╔══
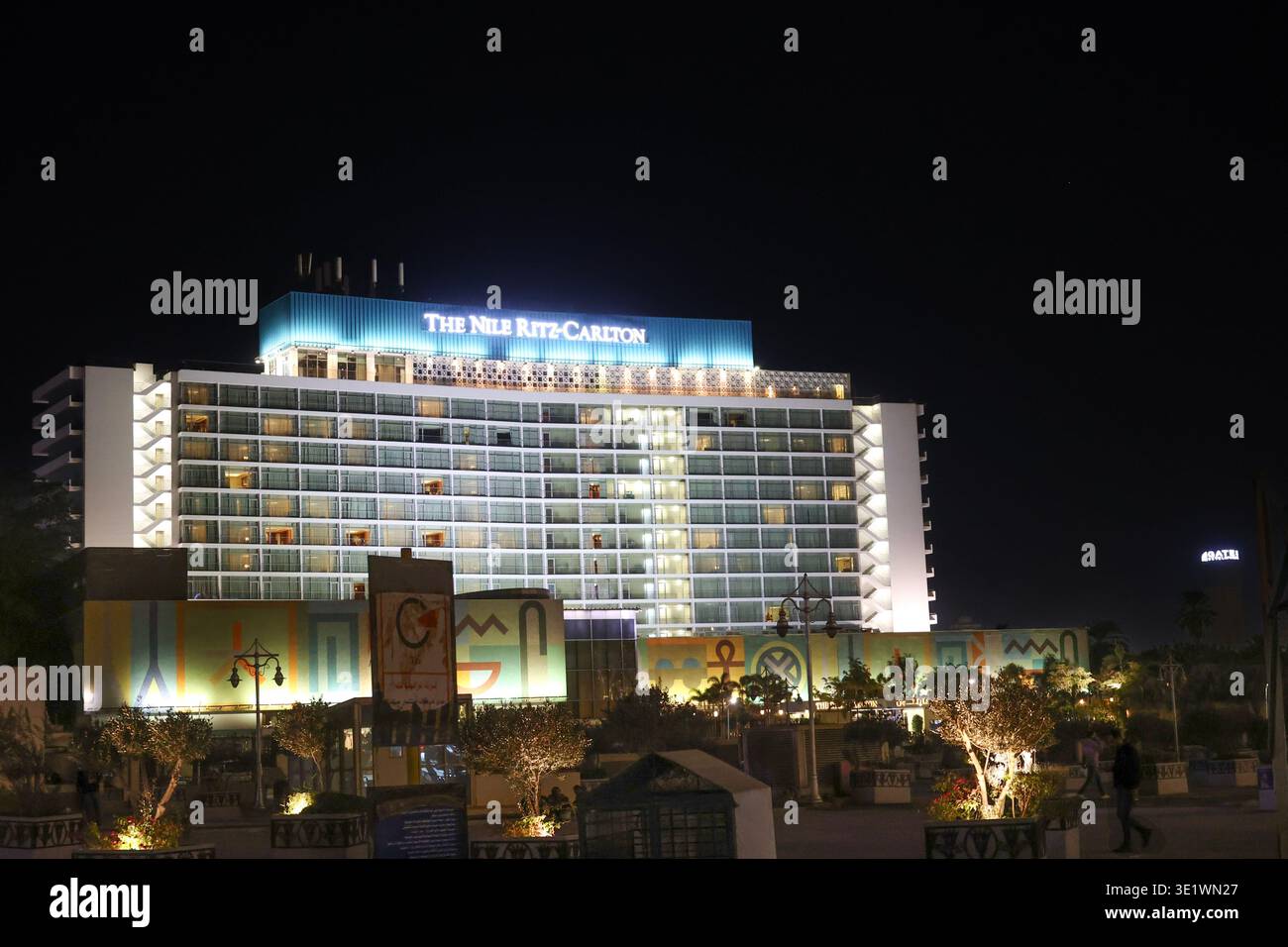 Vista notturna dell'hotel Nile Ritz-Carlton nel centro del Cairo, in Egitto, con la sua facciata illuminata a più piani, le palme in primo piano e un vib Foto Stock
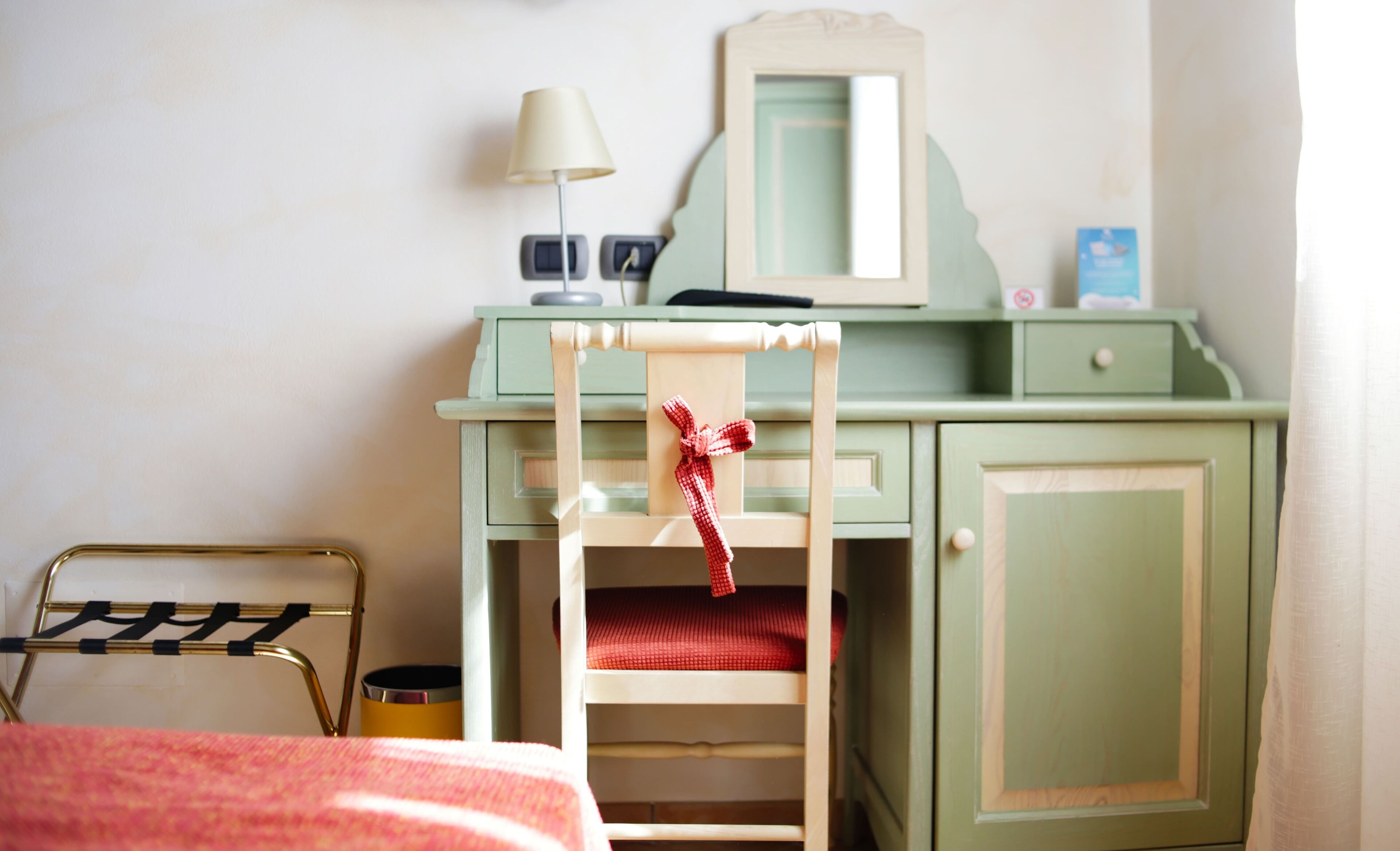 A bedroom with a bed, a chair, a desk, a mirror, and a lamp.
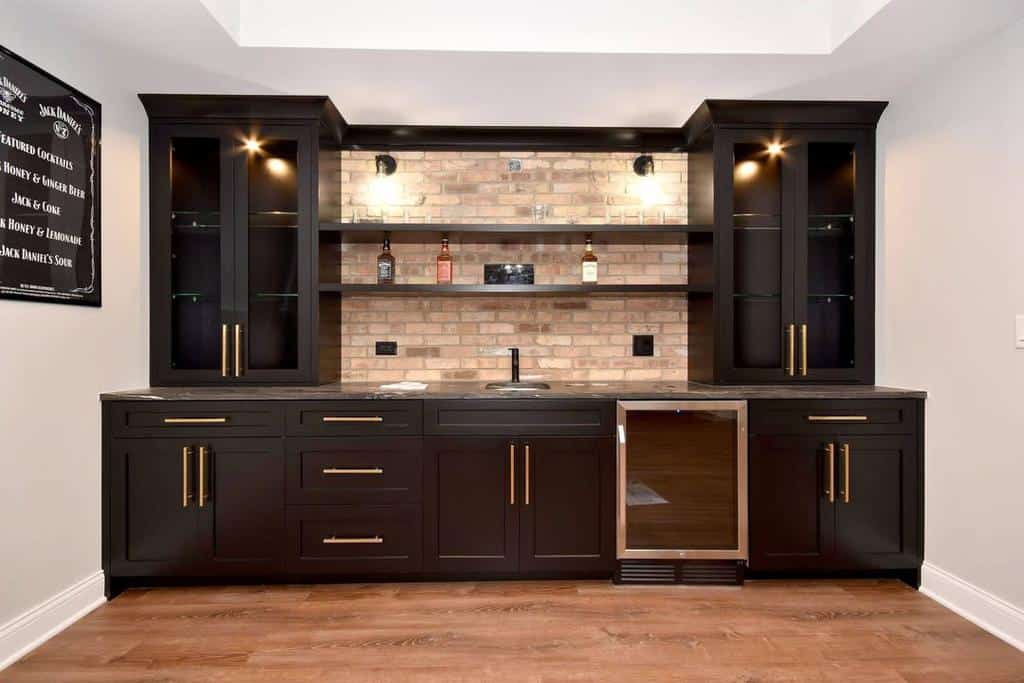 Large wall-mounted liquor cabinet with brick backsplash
╚══
Task goal
Everything in the listing is to be returned word for word, except the pictures.

Result of this exercise
 Vista notturna dell'hotel Nile Ritz-Carlton nel centro del Cairo, in Egitto, con la sua facciata illuminata a più piani, le palme in primo piano e un vib Foto Stock
 A bedroom with a bed, a chair, a desk, a mirror, and a lamp.
 Large wall-mounted liquor cabinet with brick backsplash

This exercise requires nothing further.